マイクロソフトの3つのセグメントは、それぞれ売上高と営業利益を伸ばしており、特にクラウドの売上高は2021年度に601億ドルに達したことが目をひきます。利益率も上昇傾向にあり、2021年度の営業利益率は約42%に達しています。純利益率も、38%という驚異的な数値をクリアしています。

そして、マイクロソフトは、この現状に満足しているわけではありません。今話題のメタバースのためのソフトウェア開発に取り組んでおり、MeshやTeamsといったソフトウェアで、ビジネス界のメタバース市場を開拓したいと考えています。これらのソフトは、ユーザーがこのバーチャルな3Dインターフェイスで対話することを可能にします。

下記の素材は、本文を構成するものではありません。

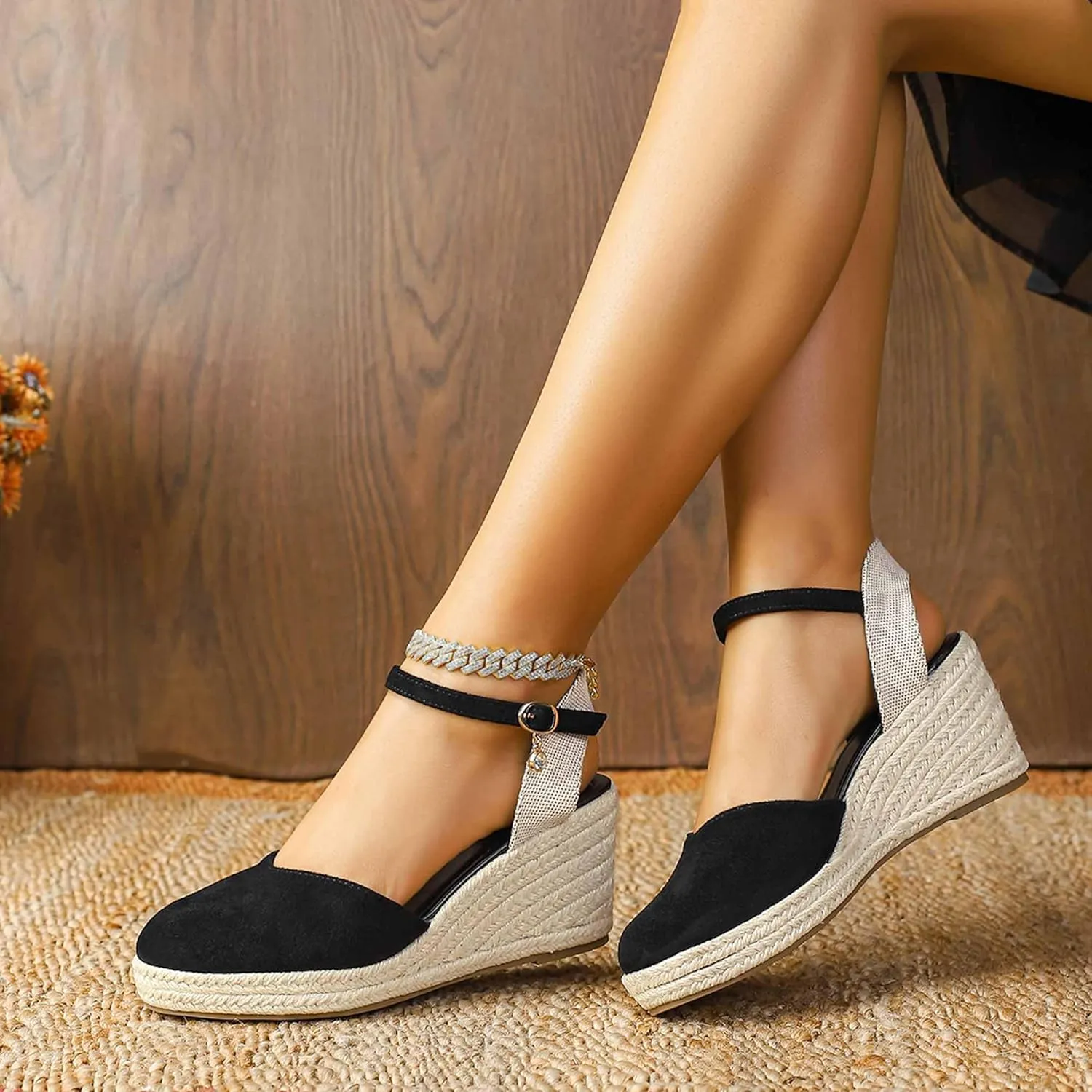 Womens Espadrilles Sandals, Closed Toe Platform for Women Adjustable Ankle Strap Casual Comfortable Wedge Sandals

マイクロソフトのクラウドでの成功を考えれば、メタバースでも同様なことが起きると考えるのは自然に思えます。

シノプシス(SNPS)

現在、半導体(チップ)の需要は、供給をはるかに上回っています。2021年には、チップ不足のためにいくつかのメーカーが戦略的に生産を停止せざるを得なくなりました。シノプシスは、エンジニアがチップの設計やテストに使用するソフトウェアを販売しており、この過剰な需要が同社のソフトウェアに優れた市場を生み出しています。

過剰な需要の結果、シノプシスは2021年度の売上成長を加速させました。同社は、2020年度に10%、2019年度に8%の増収を達成した後、2021年度に14%の増収を達成しています。これにより、売上高は42億ドル以上に押し上げられました。

この成長はボトムラインにうまく反映されており、希薄化後の1株当たり利益は2020年度の4.27ドルから2021年度の4.81ドルへと、12%以上の割合で増加しています。

現在、同社の株価売上高倍率は11強で推移しており、株価は史上最高値に近い水準にあります。しかし、加熱化はあまり危惧されていないようです。ウォール街では強気の見方をしており、ショートインタレストは1%未満で、投資家が過大評価していないことを示しています。

アマゾン(AMZN)

多くの人はそう思ってないかもしれませんが、アマゾンの実際の姿はソフトウェア企業です。それは、Eコマース事業よりもクラウドコンピューティング部門であるAWSからの営業利益の方が多いことに示されています。

2021年1~9月のAWSの売上高は、アマゾンの総売上高のわずか13%ですが、営業利益の60%以上を占めています。AWSの売上高は444億ドルで、2020年の同じ9カ月間に比べて36%増加しました。2021年第3四半期だけでも、AWSの純売上高は2020年同期比で39%増となっており、このセグメントで成長が加速していることがわかります。

現在、アマゾンのEコマース事業には逆風が吹いています。2021年と2022年に引き続き、サプライチェーンのボトルネックにより、収益に大きなコストが加わりました。

また、労働市場が逼迫していることも、さらなる費用の増加につながりました。このため、2021年第3四半期には、北米および海外セグメントの合計で損失を計上しました。その結果、株価は2021年暦年では異例の横ばいとなりました。

しかし、アマゾンには良いニュースが2つあります。まず、これらの逆風は一時的なものであり、2022年中には軽減されるはずだということです。

第2に、AWSがその分を補い、2021年1~9月の全体の営業利益は、2020年の同時期に比べて大幅に増加しました。また、Eコマース事業の純トップライン売上高も大幅に増加し、2020年の数値を容易に上回りました。

逆風が弱まれば、アマゾンは再びフルスロットルで走り出し、長期的な株主にとって大きなアップサイドをもたらす可能性があります。